4. Artikel 16 lid 2 van de cao DHL Logistics luidt, voor zover hier relevant, als volgt:
“
De TOW wordt toegekend voor het feitelijk werken op de volgende onregelmatige tijden: […] De betaling van de TOW zal plaats vinden met de salarisbetaling over de maand volgend op die waarin zij werd verworven.”
5. De DHL-ondernemingen zijn met hun werknemers overeengekomen dat over de TOW geen pensioenpremie wordt afgedragen.
6. Tot 1 januari 2006 was de pensioenregeling van de DHL-ondernemingen ondergebracht bij de Pensioenstichting Transport (hierna: PST). DHL droeg tot die datum geen pensioenpremie aan PST af over de TOW.

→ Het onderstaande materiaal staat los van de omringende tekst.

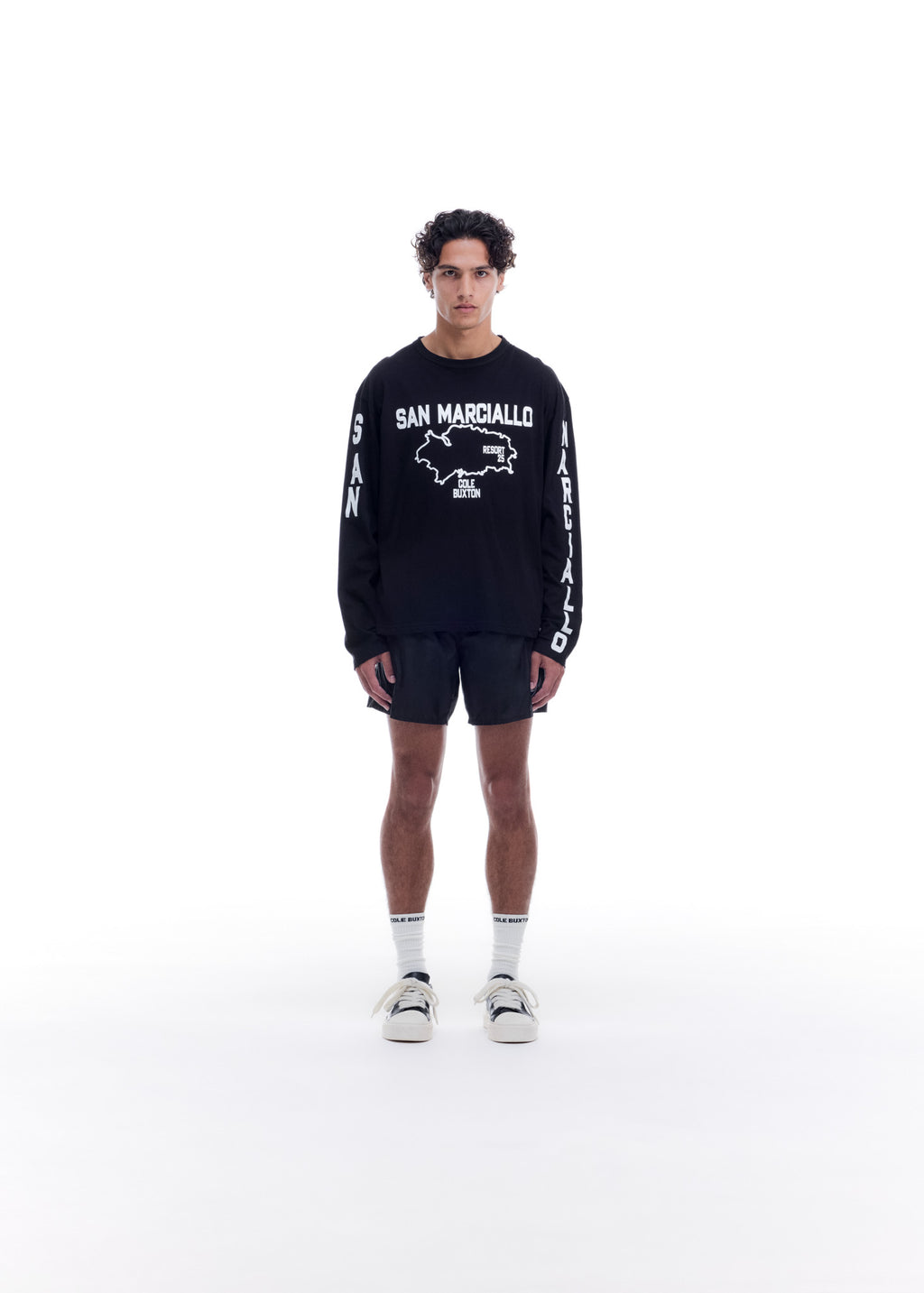 SM ISLAND LONG SLEEVE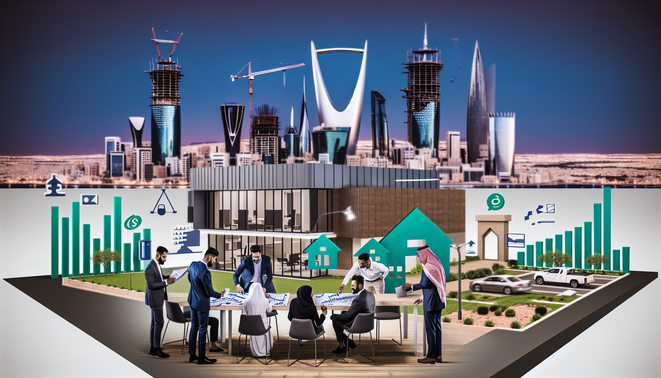 Exploring The Opportunities in The KSA Real Estate Service Market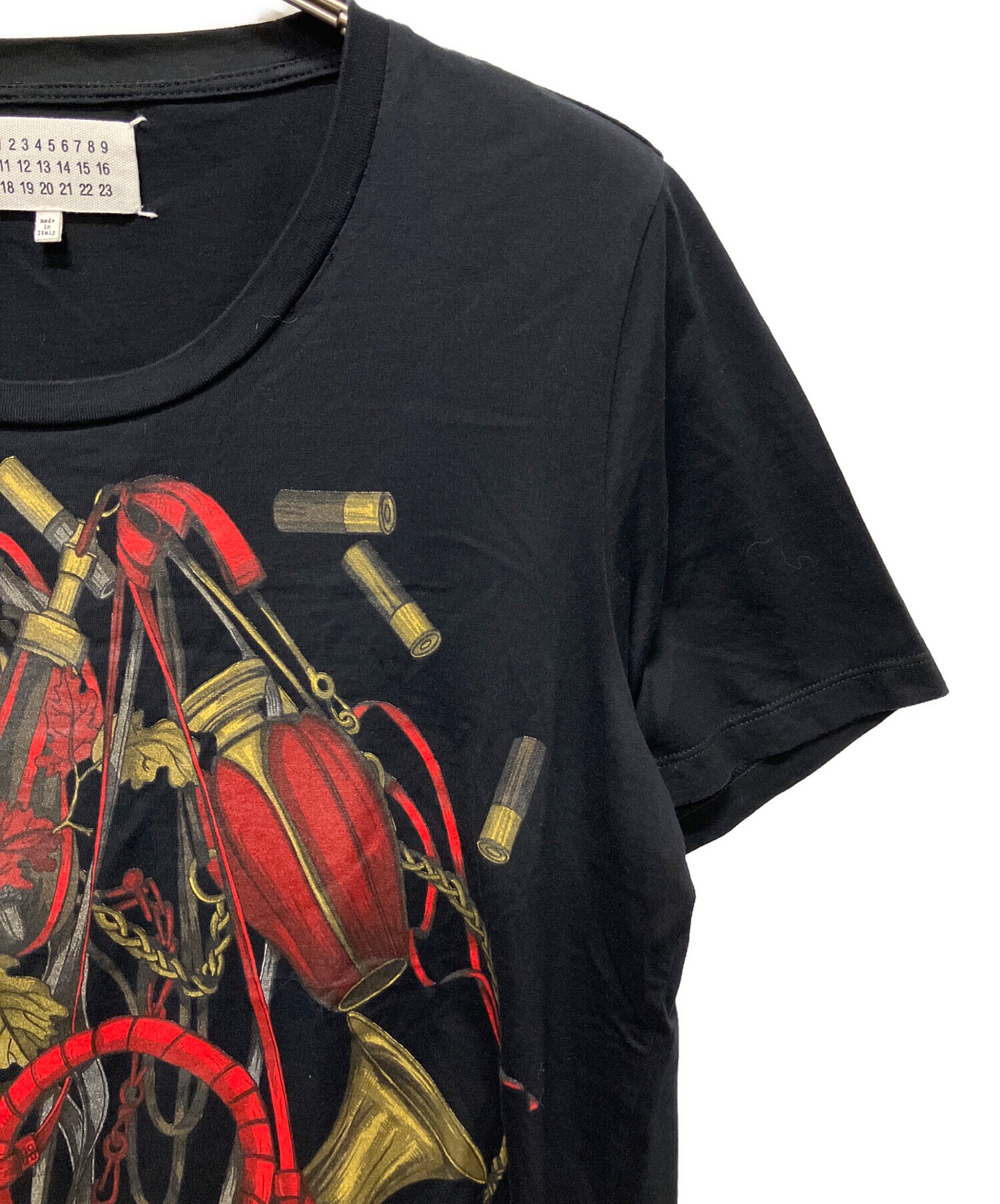 中古・古着通販】Maison Margiela (メゾンマルジェラ) トロンプルイユ
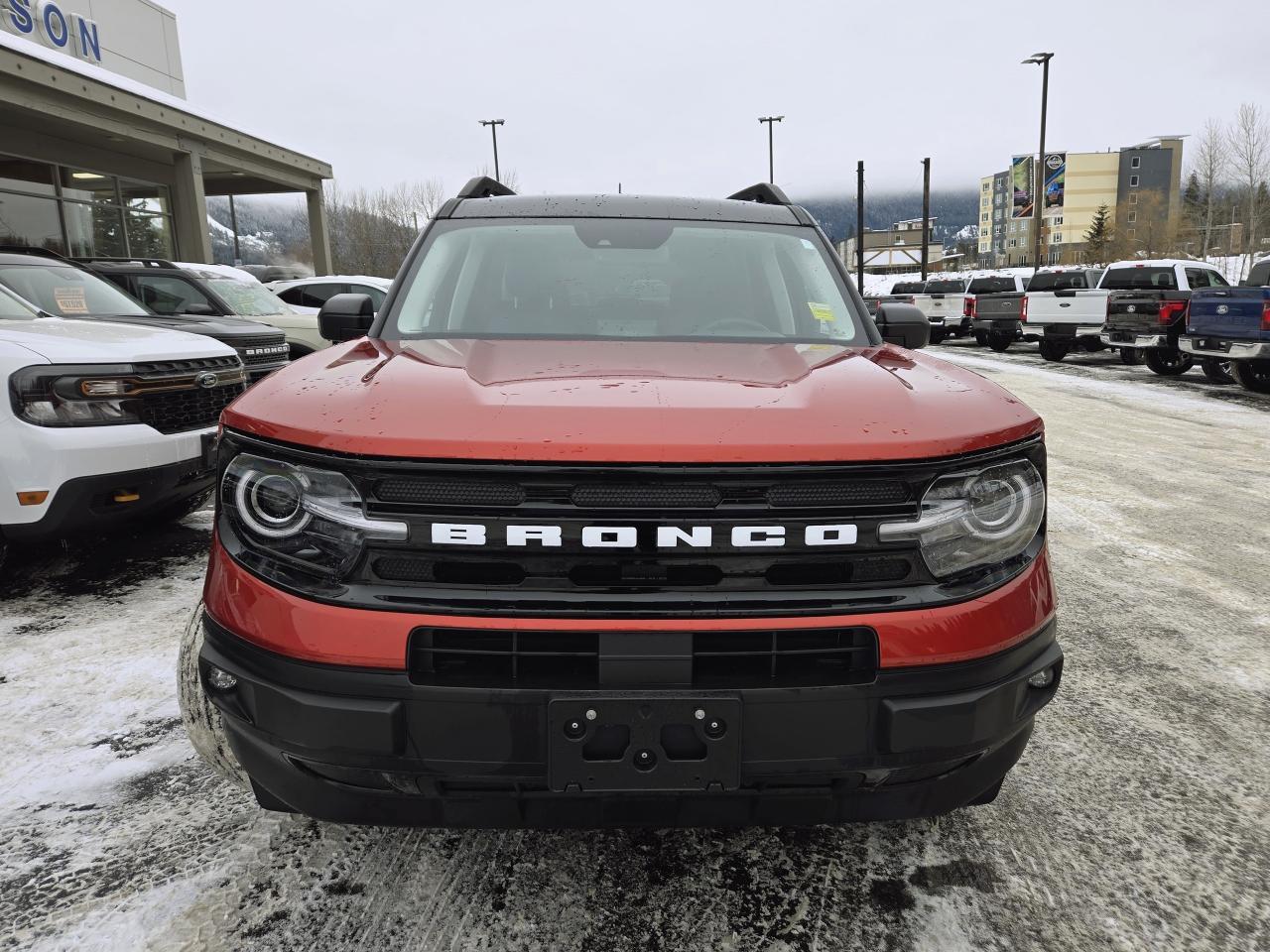 2024 Ford Bronco Sport Outer Banks Photo5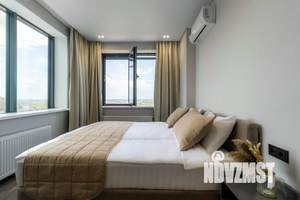 2-к квартира, посуточно, 47м2, 1/1 этаж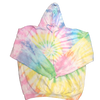 Load image into Gallery viewer, Tie dye hoodies Sizes 2X-5X (4 colors)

7. Sinds 1 januari 2006 zijn de DHL-ondernemingen aangesloten bij Bpf, de onder 1 t/m 4 en 7 t/m 10 genoemde DHL-ondernemingen op basis van de verplichte deelneming op grond van de Wet verplichte deelneming in een bedrijfstakpensioenfonds (hierna:
Wet Bpf 2000) en de onder 6 en 7 genoemde DHL-ondernemingen op basis van op
9 december 2009 gesloten uitvoeringsovereenkomsten.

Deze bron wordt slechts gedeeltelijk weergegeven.